» **PROBLEM REQUIREMENTS**: A complete answer includes every line below with the word "Stock".

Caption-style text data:
==============================

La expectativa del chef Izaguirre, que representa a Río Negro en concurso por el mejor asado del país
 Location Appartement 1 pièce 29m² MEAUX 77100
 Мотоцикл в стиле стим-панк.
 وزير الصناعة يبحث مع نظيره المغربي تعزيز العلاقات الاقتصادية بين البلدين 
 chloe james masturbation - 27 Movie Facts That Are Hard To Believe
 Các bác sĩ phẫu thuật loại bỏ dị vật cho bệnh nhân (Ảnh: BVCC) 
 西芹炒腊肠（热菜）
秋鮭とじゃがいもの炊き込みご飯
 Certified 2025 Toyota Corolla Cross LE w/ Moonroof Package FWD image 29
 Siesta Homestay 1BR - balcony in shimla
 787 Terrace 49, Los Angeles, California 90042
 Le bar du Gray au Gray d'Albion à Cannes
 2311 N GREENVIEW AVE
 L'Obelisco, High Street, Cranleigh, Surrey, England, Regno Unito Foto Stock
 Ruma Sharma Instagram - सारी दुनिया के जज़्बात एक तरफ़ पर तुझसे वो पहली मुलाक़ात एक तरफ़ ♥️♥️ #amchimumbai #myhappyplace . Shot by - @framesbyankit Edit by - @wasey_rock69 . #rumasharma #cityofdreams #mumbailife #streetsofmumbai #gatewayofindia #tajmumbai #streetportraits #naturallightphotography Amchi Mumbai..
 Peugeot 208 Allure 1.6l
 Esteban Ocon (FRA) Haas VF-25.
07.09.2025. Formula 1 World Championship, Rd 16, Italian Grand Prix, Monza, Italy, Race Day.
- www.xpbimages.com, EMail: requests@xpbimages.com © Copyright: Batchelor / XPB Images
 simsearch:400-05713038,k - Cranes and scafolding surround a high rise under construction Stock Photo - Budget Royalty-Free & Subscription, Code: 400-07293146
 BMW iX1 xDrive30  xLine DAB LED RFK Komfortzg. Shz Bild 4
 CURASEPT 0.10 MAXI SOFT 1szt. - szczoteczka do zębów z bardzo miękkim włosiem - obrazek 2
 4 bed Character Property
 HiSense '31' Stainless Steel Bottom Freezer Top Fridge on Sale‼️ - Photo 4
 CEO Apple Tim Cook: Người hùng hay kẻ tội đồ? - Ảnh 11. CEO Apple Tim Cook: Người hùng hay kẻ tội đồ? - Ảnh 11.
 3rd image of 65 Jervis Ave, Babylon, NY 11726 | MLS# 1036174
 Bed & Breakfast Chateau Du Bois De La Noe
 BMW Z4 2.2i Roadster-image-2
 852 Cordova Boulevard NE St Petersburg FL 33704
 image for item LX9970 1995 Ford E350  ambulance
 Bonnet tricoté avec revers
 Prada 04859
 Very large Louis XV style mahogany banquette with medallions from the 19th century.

==============================

» **OUTPUT**:
 L'Obelisco, High Street, Cranleigh, Surrey, England, Regno Unito Foto Stock
 simsearch:400-05713038,k - Cranes and scafolding surround a high rise under construction Stock Photo - Budget Royalty-Free & Subscription, Code: 400-07293146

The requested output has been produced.